The Third Sex in Pre-Hispanic Cultures of the Americas
🗓5 september 🕒 17:00 🔹 IFDT/Online
The tendency to essentialize the difference between sex and gender has led to overshadowing the fluidity and potential overlaps between these concepts. In more recent feminist literature, the sharp boundary between sex and gender has been questioned. On one hand, this has been done through phenomenological analyses of gender/sex experience, and on the other hand, through post-structural deconstruction of this distinction. However, anthropology offers a “third” angle or perspective. Concrete anthropological research among non-European peoples, whose gender/sex classifications do not rest on the same principles as in Western cultures where the entire philosophical discourse on gender/sex is developed, vividly and illustratively opens up this third perspective.
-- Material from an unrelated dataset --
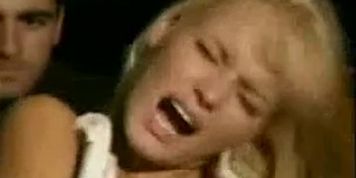 Anita Blond - Ragazza del Clan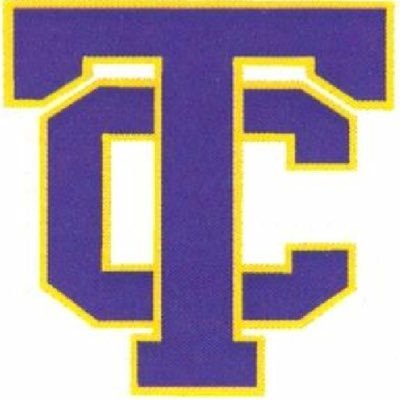 Trousdale County Profile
In pre-Hispanic cultures of the Americas, on one hand, gender is not a stable social construct but rather unstable and changeable, altering over the course of a person’s life cycle. On the other hand, the sexes of men and women were not classified based on genitalia but rather on pregnancy. Thus, individuals in post-reproductive periods were not entirely recognized as men or women. The power of marking one’s sex through genital attributes is so strong in Western societies that it is perceived as unquestionable, although it primarily expresses a social constant of a classifier applied throughout an individual’s life cycle. In certain pre-Hispanic American cultures, it was simply considered that anyone who wore a dress and adorned themselves was a “woman,” completely detached from genitalia.
Contemplating the understanding of sex in pre-Hispanic American cultures enables us to comprehend the limitations of essentializing this concept.
Nada M. Sekulić is a professor of anthropology, gender studies, and anthropology of war at the Faculty of Philosophy, University of Belgrade. She is the author of three independent scientific monographs (“The End of Anthropology,” “Hidden War,” “Culture of Birth”) and numerous scientific papers in domestic and international journals or anthologies. Apart from the aforementioned, her areas of special interest include anthropology of the body and intercultural studies with an emphasis on Eastern cultures.